Migración hacia economías ilícitas en la Amazonía
La transición en Venezuela no será rápida, otorgando tiempo valioso a estas organizaciones para reubicarse y cambiar su modelo económico del narcotráfico, agotado por el monitoreo satelital y la presión estadounidense, hacia la explotación ilegal de yacimientos mineros en escenarios selváticos. El oro resulta menos detectable que los cultivos de coca, resiste mejor las interdicciones y facilita el lavado de activos en mercados internacionales, asegurando su sostenibilidad financiera.
“Hay que entender tres claves históricas, que el ELN es una guerrilla continental, que su táctica siempre ha estado en zonas fronterizas; que sus objetivos han sido en ataques a empresas petroleras y la última, que es una guerrilla de repliegues, que ante coyunturas sabe muy bien esconderse”

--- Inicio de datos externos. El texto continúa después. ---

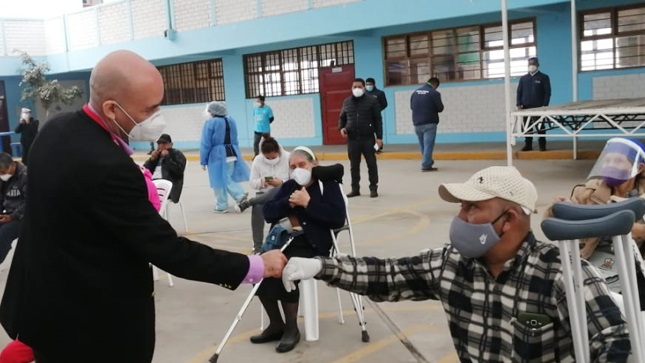 Presidente del CONADIS, Marco Gamarra, saludando a los asistentes al evento.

Jaime Andrés Wilches, analista político
Wilches enfatiza que el ELN realizará tránsitos y movilizaciones en zonas fronterizas sin alterar drásticamente la situación, ya que Estados Unidos no ha ordenado bombardeos previos pese a conocer sus posiciones, y concluye que habrá espacio para repliegues durante el cambio fuerte en Venezuela.

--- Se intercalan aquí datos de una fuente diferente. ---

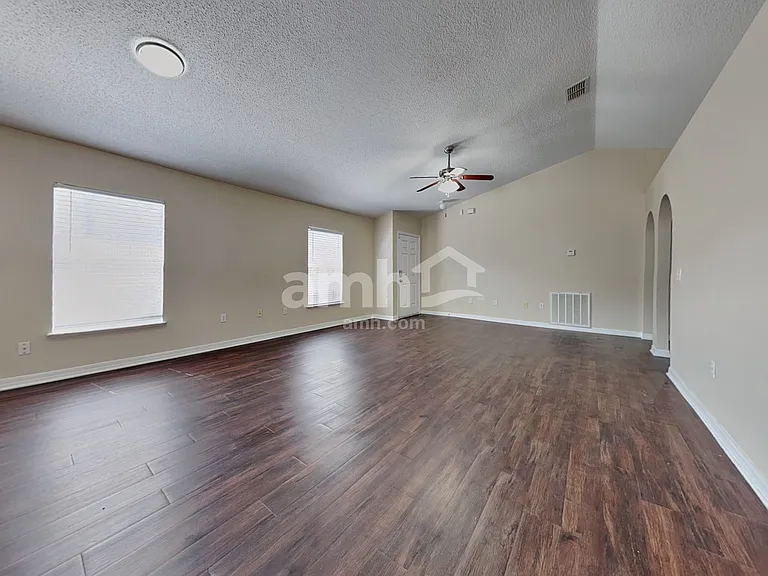 30312 Rattana Ct — Photo 5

“Se prevé un desplazamiento masivo de estructuras armadas: tres frentes de guerra del ELN y dos frentes de la Segunda Marquetalia de las Farc desde los corredores tradicionales de los Andes y el Catatumbo hacia la Cuenca del Orinoco y el Arco Amazónico. Este movimiento responde a la vulnerabilidad de sus bases actuales frente a un posible cambio de régimen en Venezuela y la amenaza de bombardeos tácticos por parte de Estados Unidos”

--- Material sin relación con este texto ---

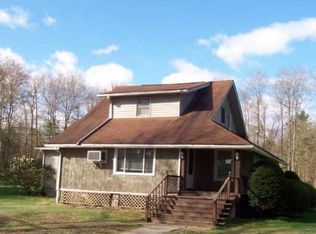 211 Orlando Ln, Falls, PA 18615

Juan Camilo Ubaque, experto en geopolítica
“El modelo económico basado en el narcotráfico y el uso de pistas clandestinas en la frontera colombo venezolana está agotado debido al monitoreo satelital y la presión estadounidense. Por ello, las estructuras están migrando hacia la explotación ilícita de yacimientos mineros. Esta transición es estratégica: el oro es menos detectable en escenarios selváticos que los cultivos de coca, es más resistente a las operaciones de interdicción tradicionales y facilita un lavado de activos más fluido en los mercados internacionales, asegurando la sostenibilidad financiera de los grupos en su nueva ubicación”
Juan Camilo Ubaque, experto en geopolítica
Este desplazamiento posicionaría la región amazónica entre Colombia y Venezuela como un epicentro de guerra híbrida, donde las Farc, el ELN y otras estructuras se mimetizarían en zonas de difícil acceso, manteniendo focos de terrorismo y resistencia a largo plazo, en medio de riesgos de confrontaciones por control territorial y una posible presencia estadounidense en Venezuela. La información se basa en un artículo original de Infobae Colombia.